Monday, October 2, 2017

"Responsive Seeking"


"Responsive Seeking"  
      Left to ourselves, none of us would ever have sought the Lord for salvation, nor would we continue to seek Him after we trust in the Lord Jesus Christ.

    "There is none that seeketh after God… It is God which worketh in you both to will and to do of His good pleasure" (Romans 3:11; Philippians 2:13).

     Thankfully, our Lord does not leave us to ourselves.  He rather works in both a pre and post-conversion expression of gracious desire to bestow forgiveness, spiritually birth a "new man, created in righteousness and true holiness," and establish living fellowship with us as His sons and daughters (Ephesians 4:24).  

    "And I, if I be lifted up from the earth, will draw all men unto Me" (John 12:32).
    "And because ye are sons, God hath sent forth the Spirit of His Son into your hearts, crying Abba Father" (Galatians 4:6).

    All glory, honor, and credit for a relationship given and maintained must be directed toward the God and Father of our Lord Jesus.  In the mystery of such fellowship, however, we play a vital role of what might be termed "responsive seeking" to our Lord's preliminary working in our hearts.  As mentioned, we would never seek God if He did not seek us.  But He is seeking us for the loving communication that so pleases His heart - "the prayer of the upright is His delight" - and that so fulfills our hearts - "my heart trusted in Him, and I am helped: therefore my heart greatly rejoiceth; and with my song will I praise Him" (Proverbs 15:8; Psalm 28:7).  

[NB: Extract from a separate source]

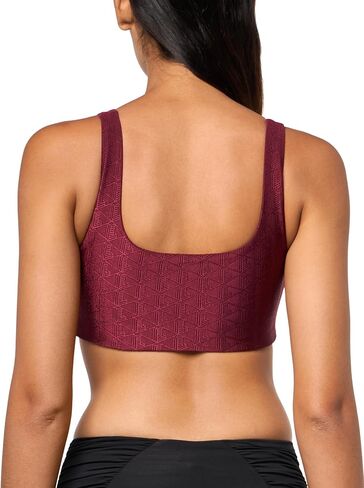 Lacoste Women's Bandier Sports Bra in Kuwait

    We must possess a Biblically informed and growing confidence in our Heavenly Father's desire for fellowship with us.  Truth demands our understanding of such gracious Divine desire, and such Christ-enabled capacity in us to "cry Abba Father."  If prayer, reading of the Bible, and walking with our Lord along the pathways of life are instead viewed as merely a disciplined determination on our part, we will end up either proud or despairing, depending on how well we perceive ourselves to engage in the relationship.  Conversely, when we realize that just as we would never have come to the Lord apart from His preparatory working in our hearts, nor would we continue to relate to Him apart from His perpetual working, the blessing of genuine fellowship with God becomes far more possible and actual.  As the Psalmist so perfectly described of the sequence of grace known by faith, "When Thou saidst, Seek ye My face; my heart said unto Thee, Thy face, LORD, will I seek" (Psalm 27:8).  

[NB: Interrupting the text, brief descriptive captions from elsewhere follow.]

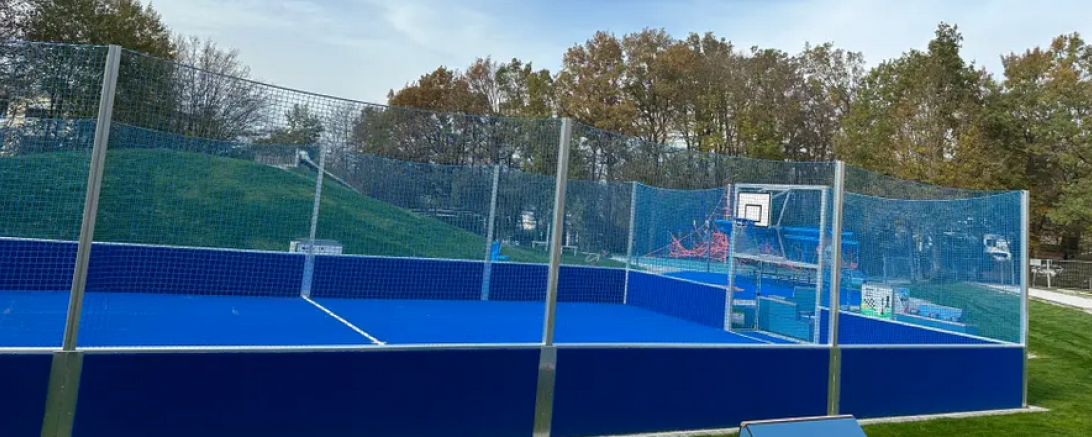 Mehrgenerationen Sportpark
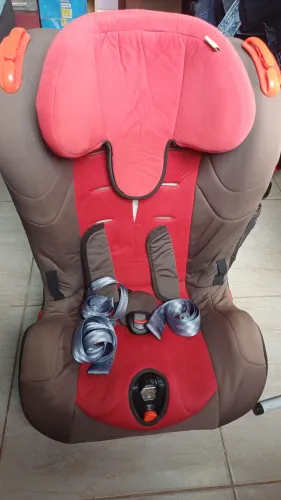 Vendo cadeirinha para carro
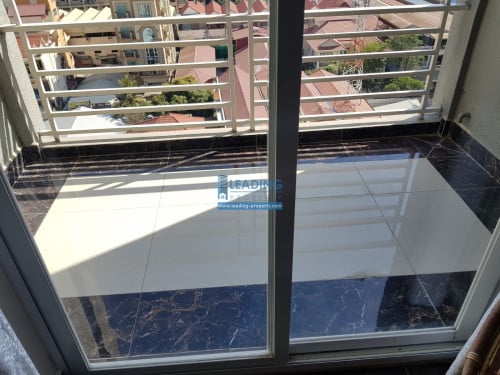 N619  | 1 Bedroom Unit With Gym For Rent Near Russian Market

   No human heart will ever be able to boast about engaging with God in loving relationship.  We nevertheless play a role in the holy bond as we exercise the capacity for responsive seeking He Himself built into our hearts.  "The word is nigh thee, even in thy mouth and thy heart, that is, the word of faith" (Romans 10:8).  Thereby our Lord receives all glory, we receive the grace of access to Him, and the resultant fellowship is real, free, and joyous to both God and ourselves.  The Lord Jesus died to secure such a wonder of Divine-human devotion to one another, even as He prayed just before the cross…

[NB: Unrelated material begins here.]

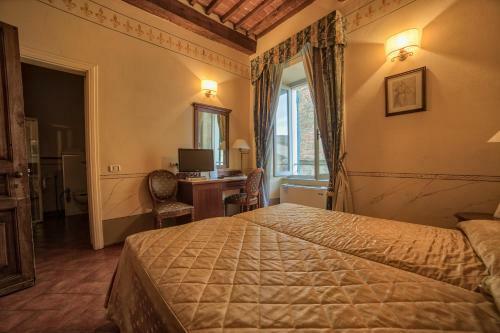 Hotel Logge Dei Mercanti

"O righteous Father, the world hath not known Thee: but I have known Thee, and these have known that Thou hast sent Me. And I have declared unto them Thy name, and will declare it: that the love wherewith Thou hast loved Me may be in them, and I in them."
(John 17:25-26)

Weekly Memory Verse 
    "When Thou saidst, Seek ye My face; my heart said unto Thee, Thy face, LORD, will I seek."